Álvaro Pombo (Santander, 1936) camina solo. Es espontáneo. Es incontenible. Es necesario. Así que, por fin, el Premio Cervantes reconoce la voz personalísima de un escritor que continuamente apela al lector a vivir comprometido, junto al otro, con el humor siempre a mano, con Dios y también con Jean-Paul Sartre. Es el Pombo de ‘El exclaustrado’ (Anagrama), su última novela: “Me gustaría ser recordado por mi elocuencia, pero sobre todo por mis amigos. No olvido nada, recuerdo las personas que quise y las que no quise. Me he reído mucho, me he divertido mucho y he hecho reír mucho. Me gustaría ser recordado porque tengo buen humor”.
Es único por cómo ha creado una voz literaria trazada con un estilo pleno de hondura y, a la vez, de humor; una narrativa que exige conciencia y también ofrece deleite, que da testimonio de desmedida humanidad, de oralidad y de verdad. Es el Pombo de ‘El héroe de las mansardas de Mansard’ (Premio Herralde, 1983), la novela con la que se le comenzó a leer: “Hoy que tenemos todos los mapas, puede que la auténtica aventura sea la interior”.
Es incomparable en la creación de una trayectoria literaria forjada en torno a la soledad, la complejidad de los vínculos, el amor y su fragilidad, el compromiso y también la fe, esa misma que le hace reconocerse “católico no practicante”, aunque la verdad –con esa proverbial y “firme voluntad” con la que habla y con la que vive– es que profesa su cristianismo con intensidad, con reflexión y con testimonio. Es el Pombo, también ensayista, de La ficción suprema. ‘Un asalto a la idea de Dios’ (2022): “Como asunto, Dios ha estado siempre presente en mi vida y en mi obra narrativa y poética. He pensado mucho en Dios toda mi vida”.
Es irrepetible porque su obra es indisociable a su forma de pensar, de ser, de proyectarse hacia la sociedad. Nunca escondió su homosexualidad, como tampoco nunca rehuyó debate alguno sobre su forma de vivirla, de experimentarla. Eso incluye su propia forma de vivir el cristianismo, de proclamarlo y, a la vez, de debatir constantemente sobre qué significa, personal y también literariamente. Otra vez el Pombo de ‘La ficción suprema’, su gran testimonio: “Mis referencias a la religiosidad católica no son un viraje de la senectud. De la misma manera que nunca he tenido que salir del armario, siempre estuve fuera, así tampoco ahora tengo que entrar, reconvertido, en la Iglesia, porque siempre estuve dentro”.

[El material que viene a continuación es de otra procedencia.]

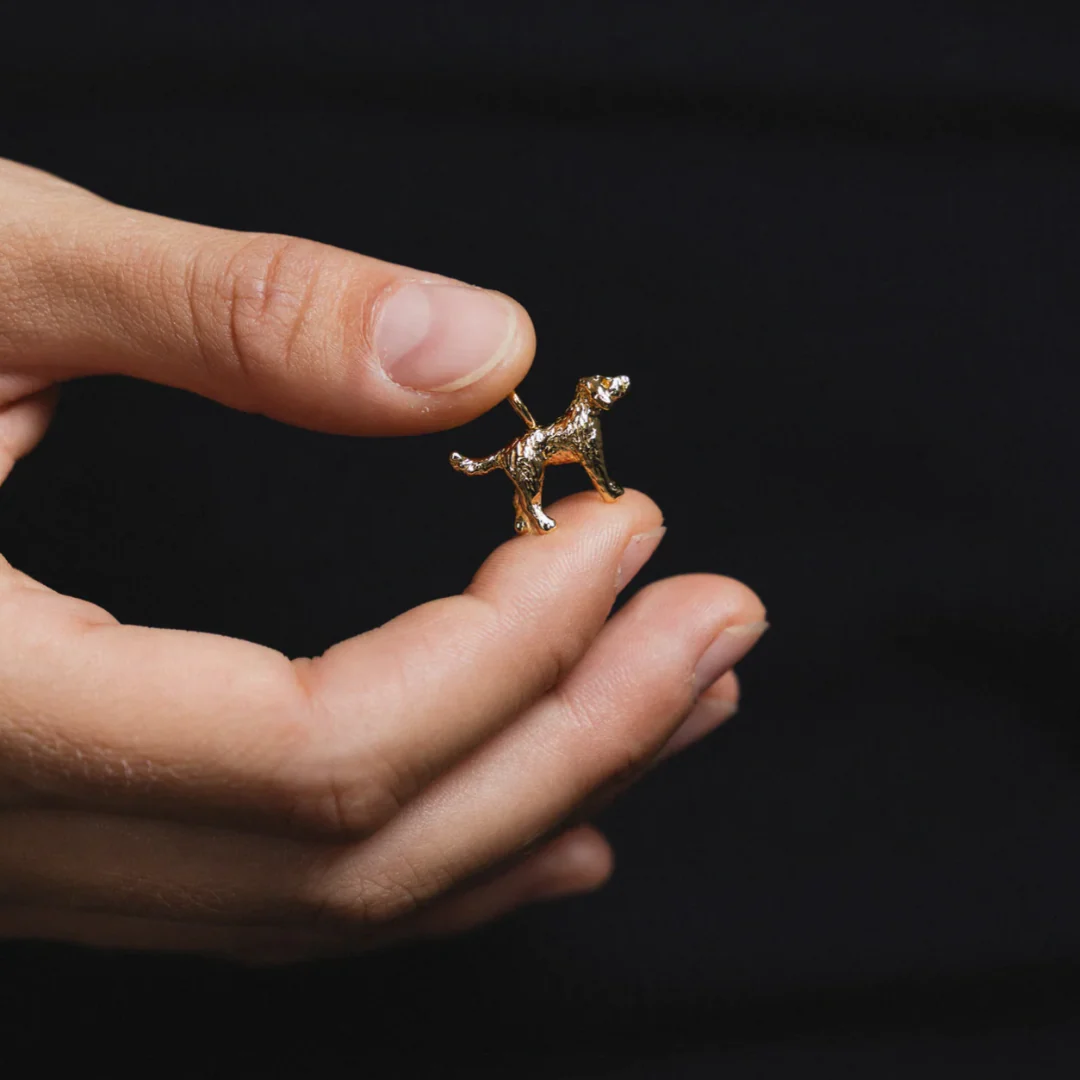 Mini Dog Charm - Image 2
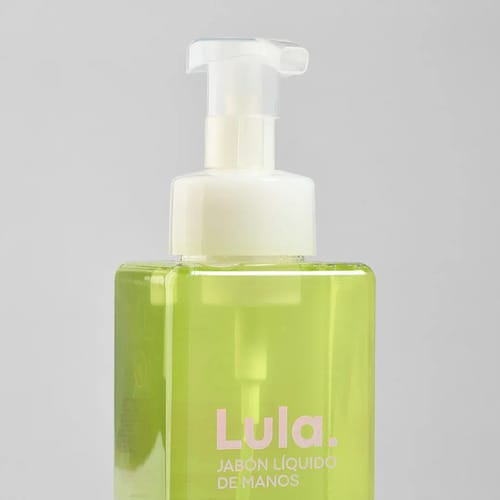 Jabon Liquido De Manos Citrico X 480 Ml Lula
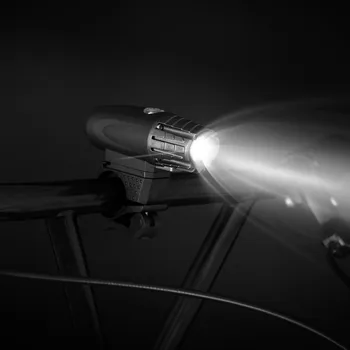 USB-Genopladelige Cykel Lys Sæt Vandtætte LED Cykel Lys Cykel Foran Lygten+2Rear Baglygte Sæt
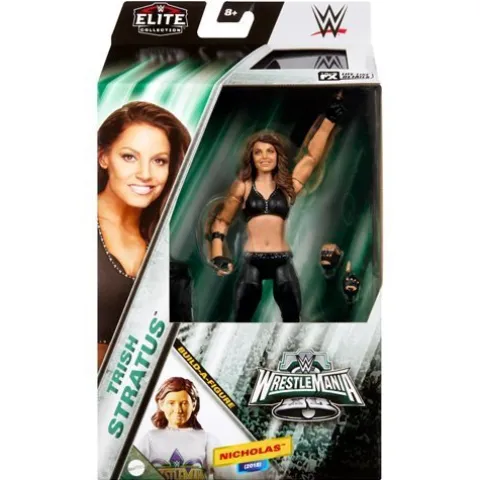 WWE WrestleMania Elite 2024 Action Figure - Select Figure(s)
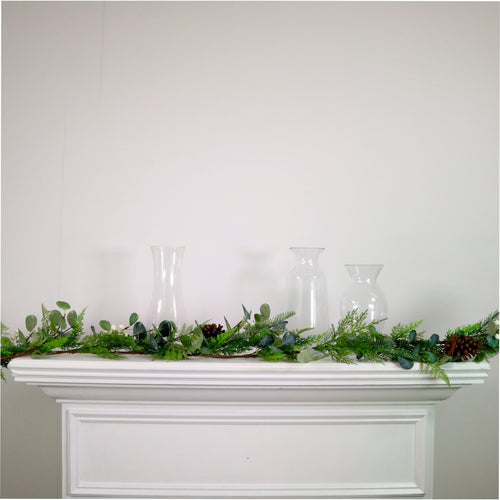 Winter Premium Garland No:04 150cm
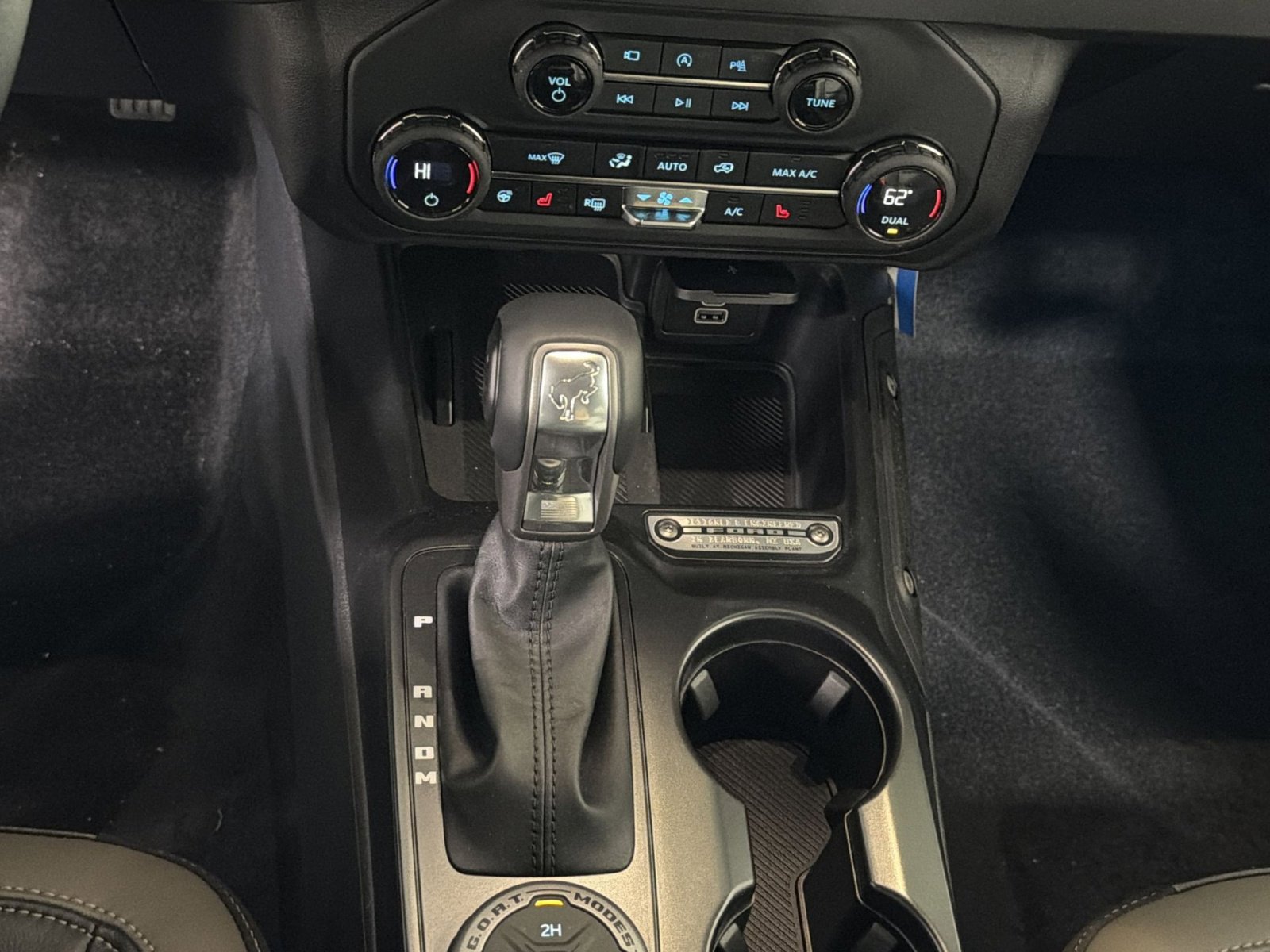 New 2026 Ford Bronco Outer Banks image 25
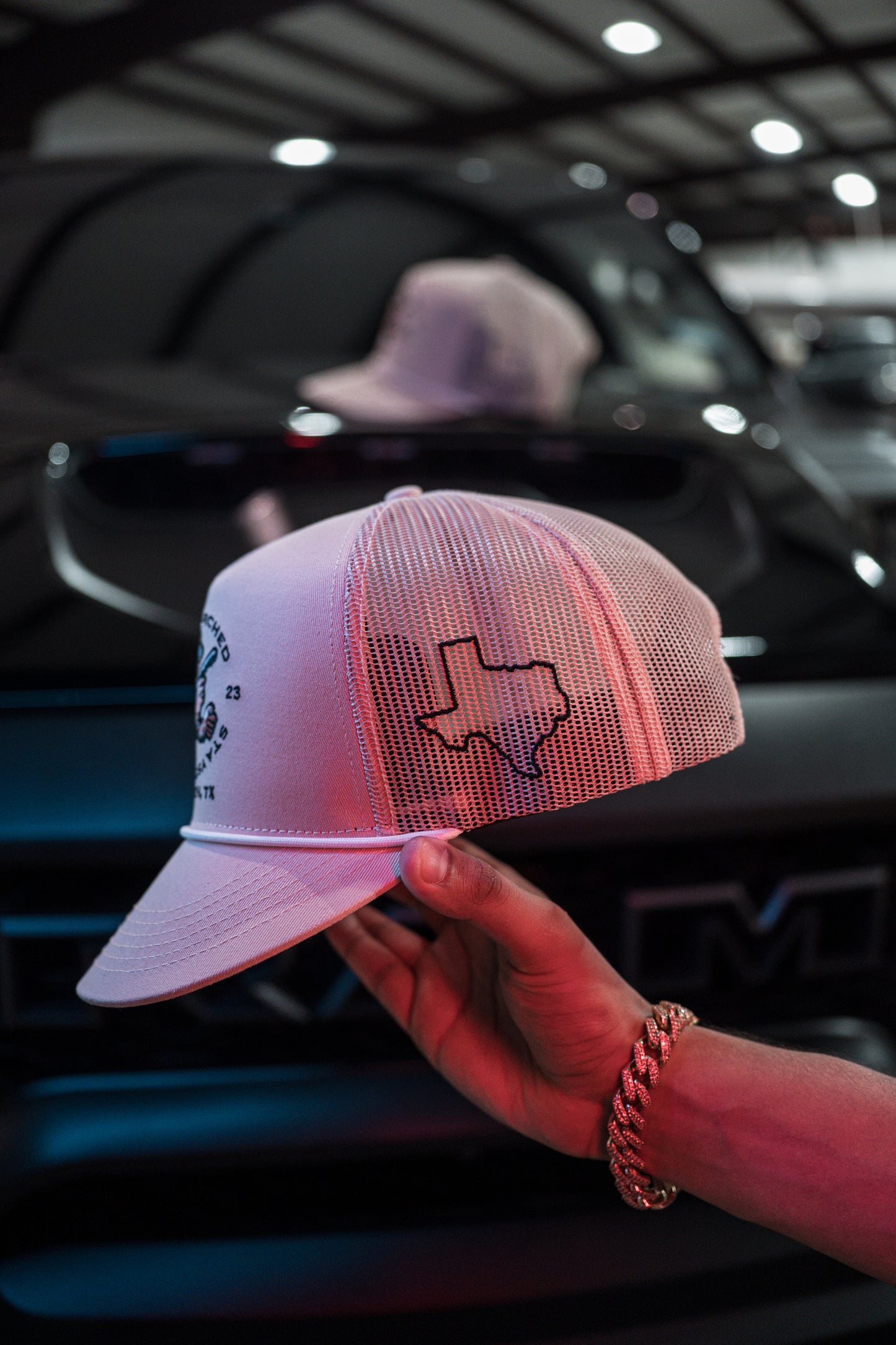 STAYSTARCHED CHALINO SANCHEZ CAP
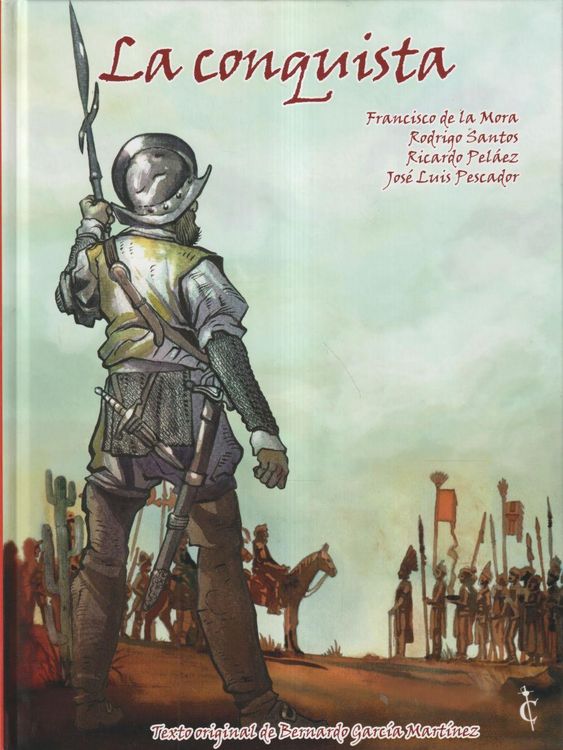 Produktbild: La conquista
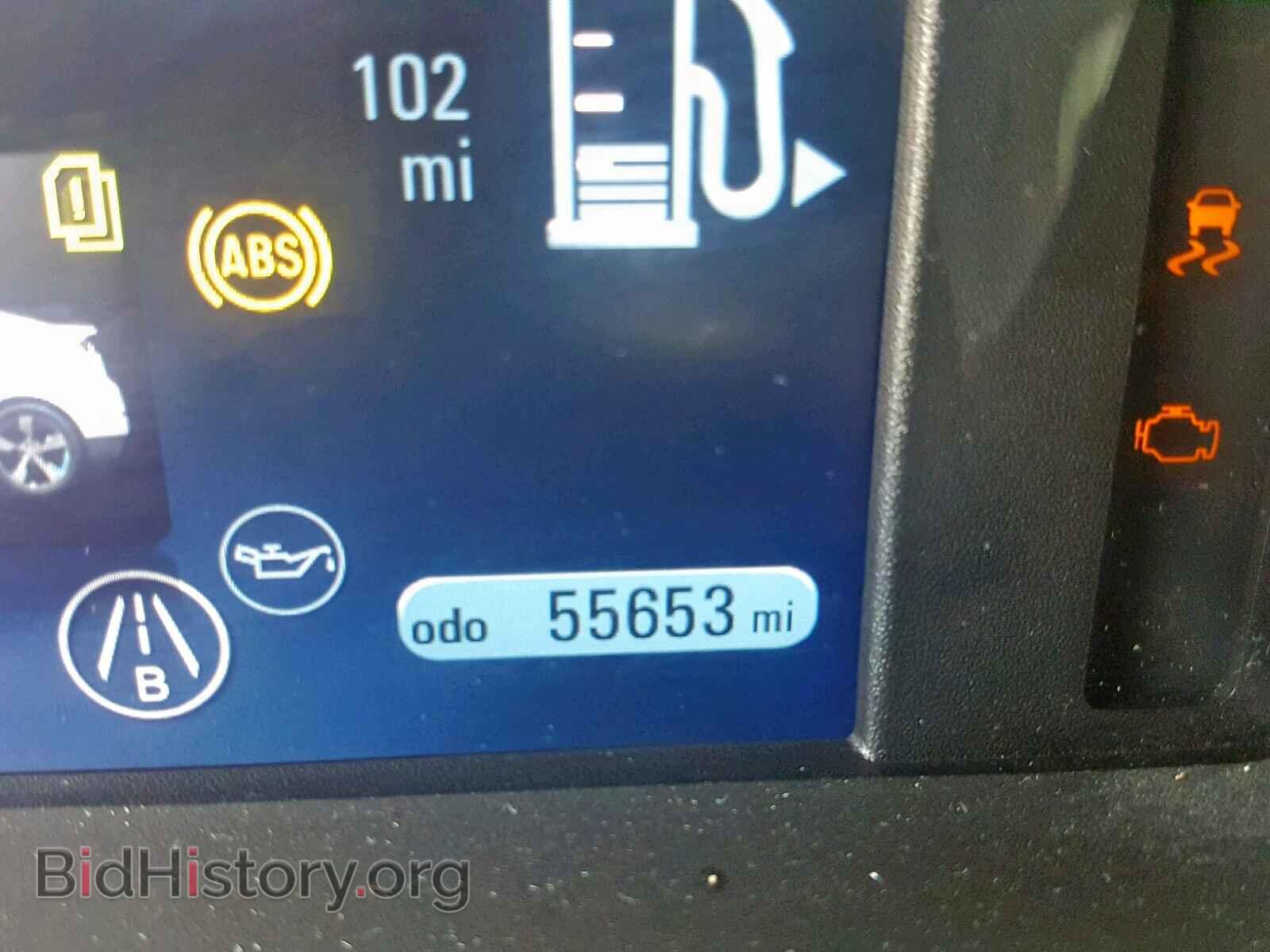 2013 CHEVROLET VOLT - VIN: 1G1RB6E45DU143114 - Фото 8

Es inclasificable, aunque si hay una caricatura, un esbozo que trace su permanente emoción y su famosa intensidad –“ya no soy tan pensado, ahora soy más ligero”, advierte últimamente–, es el de un antihéroe romántico –un Espronceda, un García Gutiérrez, un Larra– que siempre lleva las de perder porque es inevitablemente humano, iluso, sensible hasta acabar siendo trágico. Es el Pombo de ‘El temblor del héroe’ (Premio Nadal, 2012): “Me interesa el héroe que vence invisiblemente. Un ejemplo es Jesús de Nazaret, un héroe que muere, sin gloria, confundido con los ladrones, maltratado. Y es interesante que esa figura haya tenido tanta presencia en nuestra vida y en la vida de todo Occidente”.
Es singular. Une la perspectiva teológica de san Francisco de Asís, milita en Platón y es fiel a Sartre, lo suyo no es la vida contemplativa –pese a que ha vivido, y sigue, encerrado entre visillos, en una casa donde rebosan los libros y gobiernan los gatos–, sino una permanente conversación sobre quiénes somos. Es el Pombo de ‘Quédate con nosotros, Señor, porque atardece’ (Destino), siempre a contracorriente: “Quizá, sobre todo, lo soy por esta preocupación de toda mi vida por los asuntos religiosos y filosóficos. En España, a diferencia de Inglaterra o Francia, hay una especie de dejación de la teología y la filosofía que produce unos escritos, para mi gusto, muy aburridos: un realismo que a mí me parece, a veces, ramplón. Pero, en fin, no me considero crítico literario. Sí es cierto que he escrito lo que he creído necesario escribir y eso ha sido casi siempre a contracorriente”.